The Naaru that was vampirized by the Blodd Elves knew of his mission and that he would be the bridge to the redemption of a people who would one day have the light as sacred, so the Naarus always engineered the coming of the Velen to fulfill that purpose. Sa’ra helped pave the way between the Forsaken through Calia Menethil, and with that they have strong light influence on both factions. Sin’doreis and Forsakens in the horde, Humans and Draenei in the Alliance, and thus the vanguard of light would finally be completed and the enlightened Crusade would begin.
And during that time they’ve had little story advancement and have stagnated.
Blood Elves have been around since TBC and haven’t gotten as much as Void Elves have gotten since BfA, because unlike the Belves, the Void Elves are in their element.
This is just plainly false. Blood elves had more development during TBC than void elves had so far.
Blood elves had a lot of development in tbc (intro expac) and played a large part in MoP, and lastly in legion where they delved more into their newfound kinship with another highborne remnant (nightborne).

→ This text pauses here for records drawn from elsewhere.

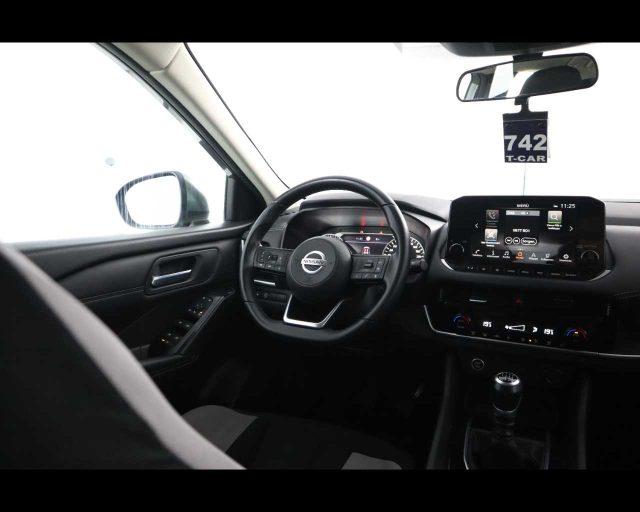 NISSAN Qashqai MHEV 140 CV Business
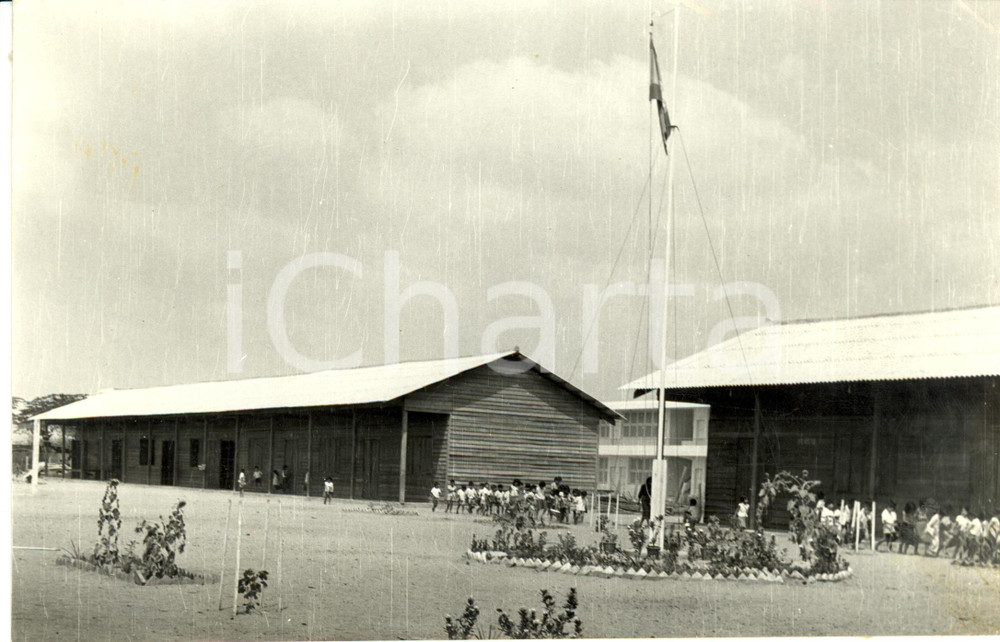 Fotografia d epoca originale 1960 ca CAMBOGIA Bambini nel cortile della nuova scuola in legno Fotografia 1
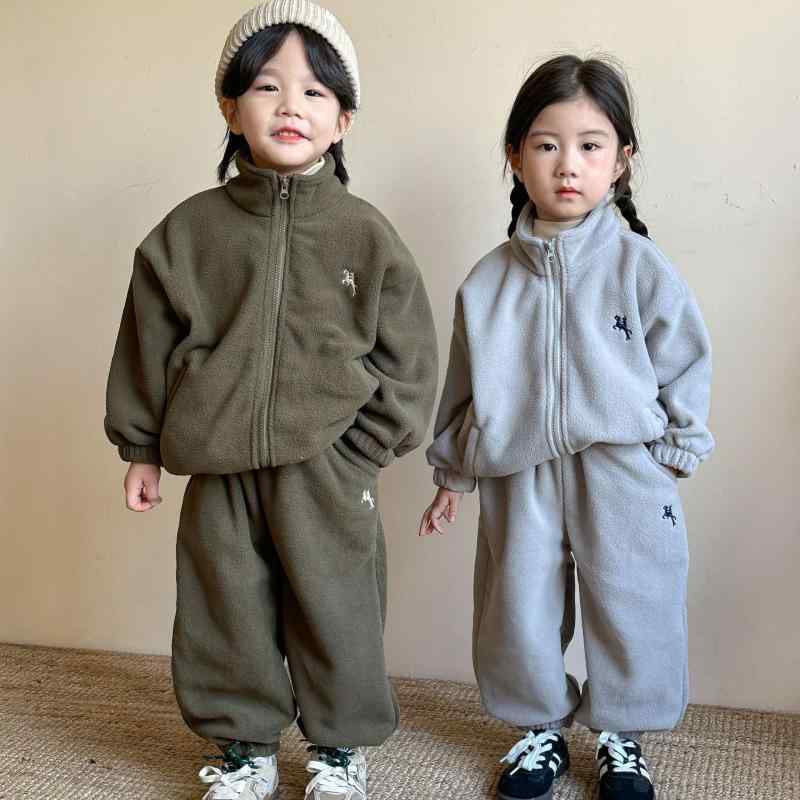・カテゴリ: キッズ用セットアップ・対象性別: 男女共用・スタイル: 韓国風・セット内容: トップス、パンツ（2点セット）・対象年齢: 3歳-8歳（身長100cm-140cm）・袖丈: 長袖・パンツ丈: 長ズボン・加工: 柔軟加工・生地の厚さ: 普通・柄: 無地・デザイン: 可愛い、トレンド・主な素材: ポリエステル100%・安全基準: Aクラス・前開き仕様: シングルブレスト・カラー展開: アーミーグリーン、杏色、ライトグレー、ダークコーヒー・サイズ展開: 80cm、90cm、100cm、110cm、120cm、130cm、140cm、150cm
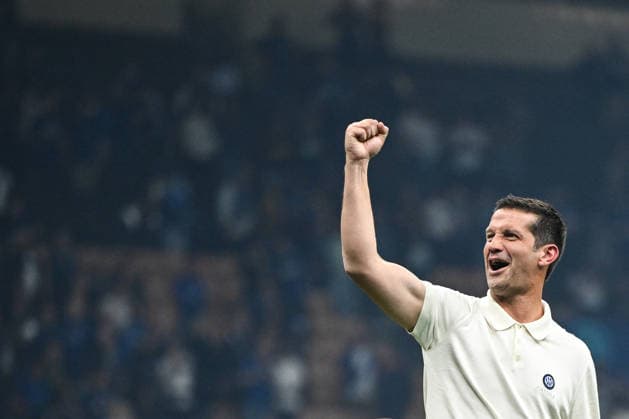 CALCIO - Serie A - Inter - FC Internazionale vs Parma Calcio Head Coach Cristian Chivu of Fc Inter celebrating the club s 21th Scudetto after the Italian Serie A football match between Inter FC Internazionale and Parma Calcio 1913 on 3 of May 2026 at Giuseppe Meazza San Siro Siro stadium in Milan, Italy. Credit: Tiziano Ballabio Milan Italy  Copyright: xIPAxSport ABACAx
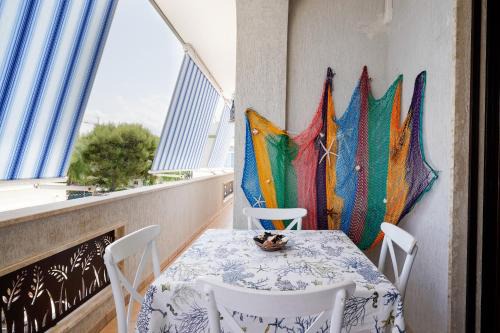 Appartamento a Torre Canne con balcone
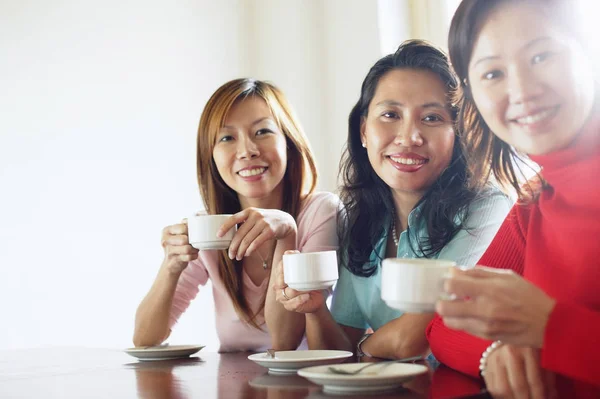 Frauen im Café mit Tassen — Stockfoto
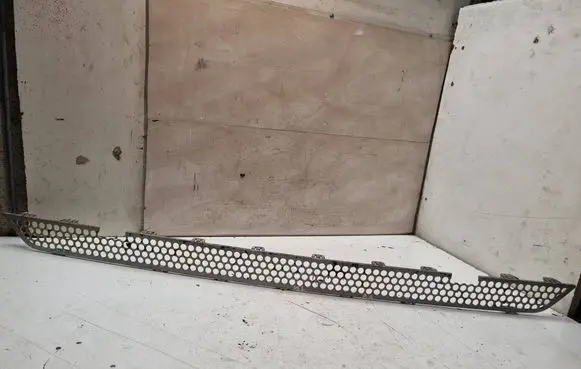 Mercedes-Benz ML W163 Front tow hook cap/cover 1638851581
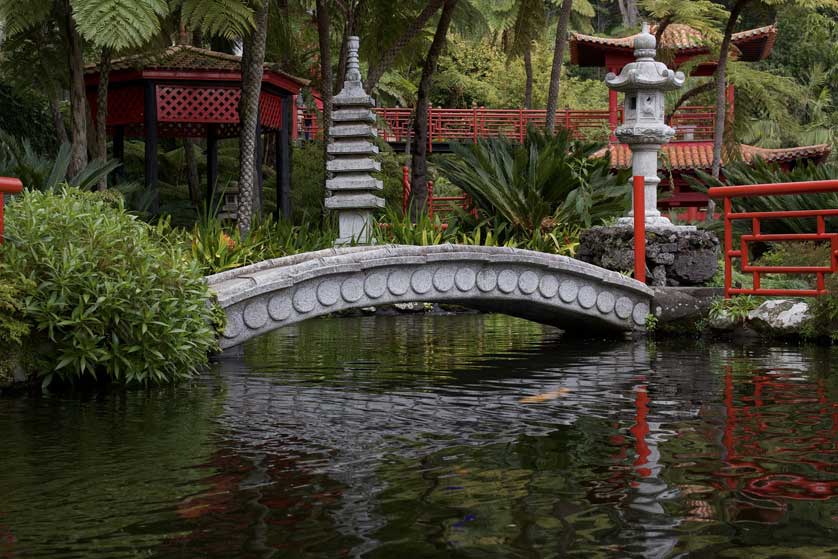 https://mdw-travel-data-us-east-1.s3.amazonaws.com/img/country/Portugal/Monte-Palace-Tropical-Garden/img_01.jpg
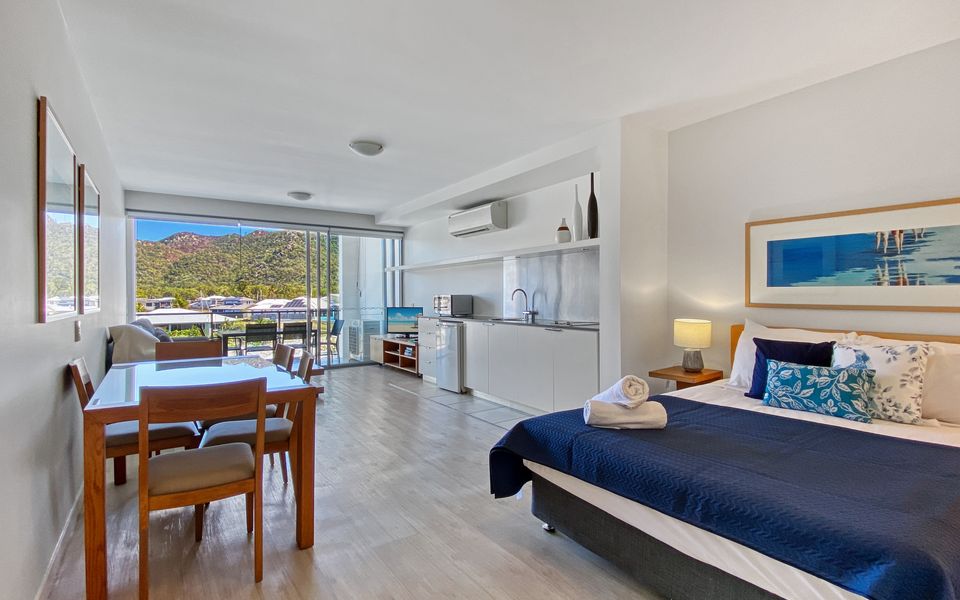 Blue on Blue Superior Studio Room 1321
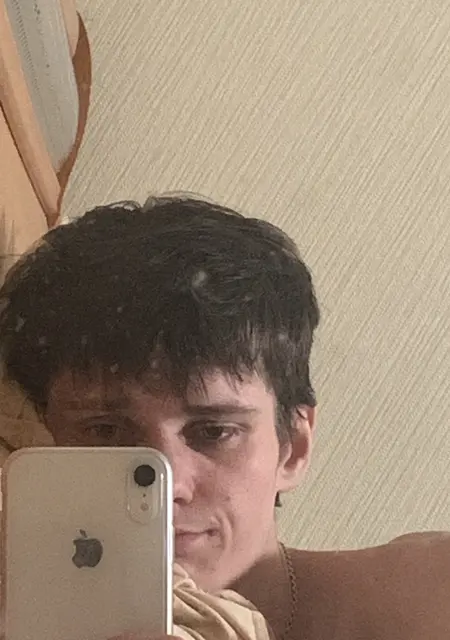 Артемий из Анапы, ищу на сайте дружбу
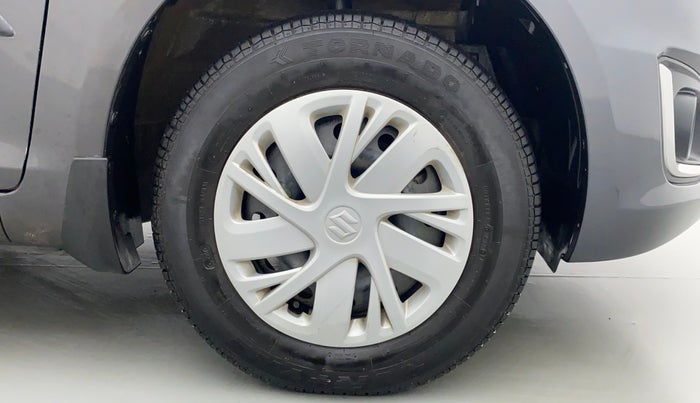 2017 Maruti Swift VXI OPT, Petrol, Manual, 7,264 km, Right Front Wheel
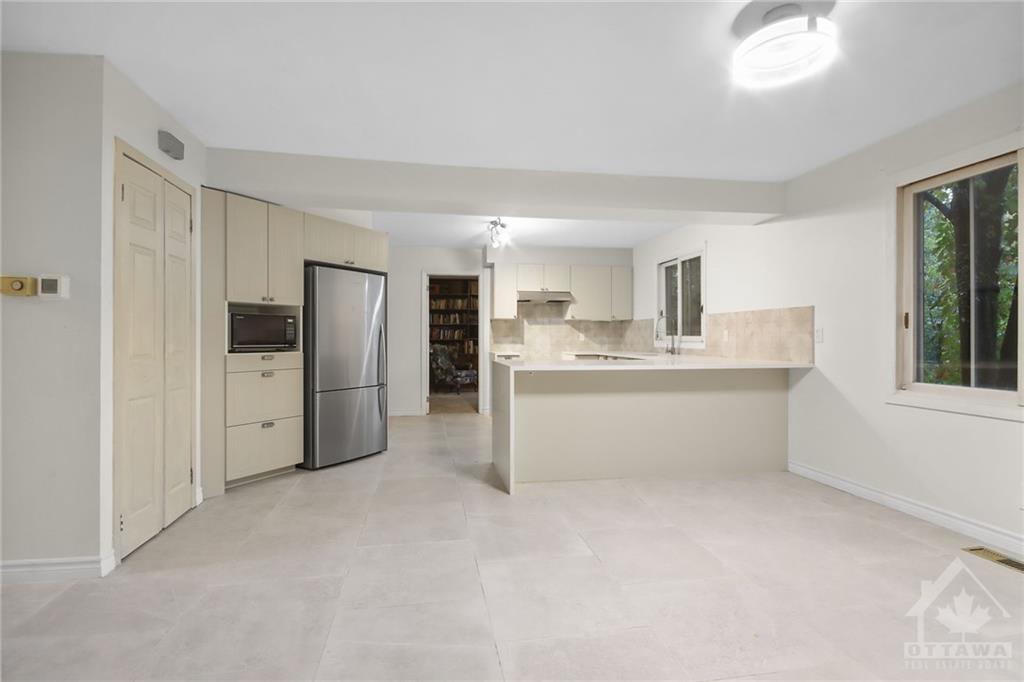 2002 HOLLYBROOK Crescent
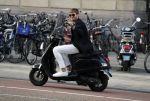 Amsterdam 11 juni 2018
Tim Douwsma op de scooter in het centrum van Amsterdam.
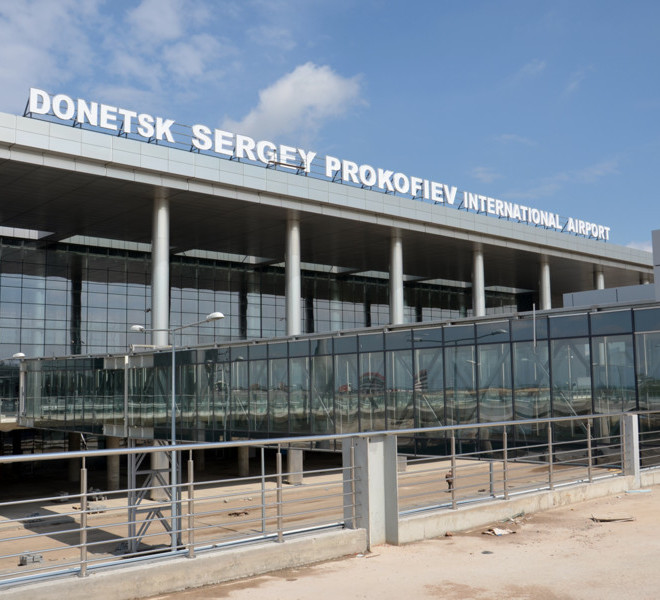 Ντόνετσκ: “Aντιτρομοκρατική επιχείρηση” στο αεροδρόμιο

Compared to the void elves that were introduced in late legion and had nothing outside of the intro scenario, and then got a few questlines in BFA and sadly pretty non-present for the whole N’zoth debacle except for being trash mobs in the visions.
I mean it should be, Kael is still the official ruler and prince of silvermoon at the start of tbc, they then join the Horde which aid them to enter outland to go reconnect with that group of Blood elves only to find that a bunch of them (including Kael) became legion lapdogs, so they have to stop him. This ultimately culminate in the whole sunwell patch where he returns and tries to summon KJ into the world with the sunwell, but is stopped and the sunwell is reignited.
That’s a lot for a player race, but it’s also the expansion where they were added so it’s understandable, just like there’s a lot of zanda/kt stuff in bfa or pandaren stuff in MoP.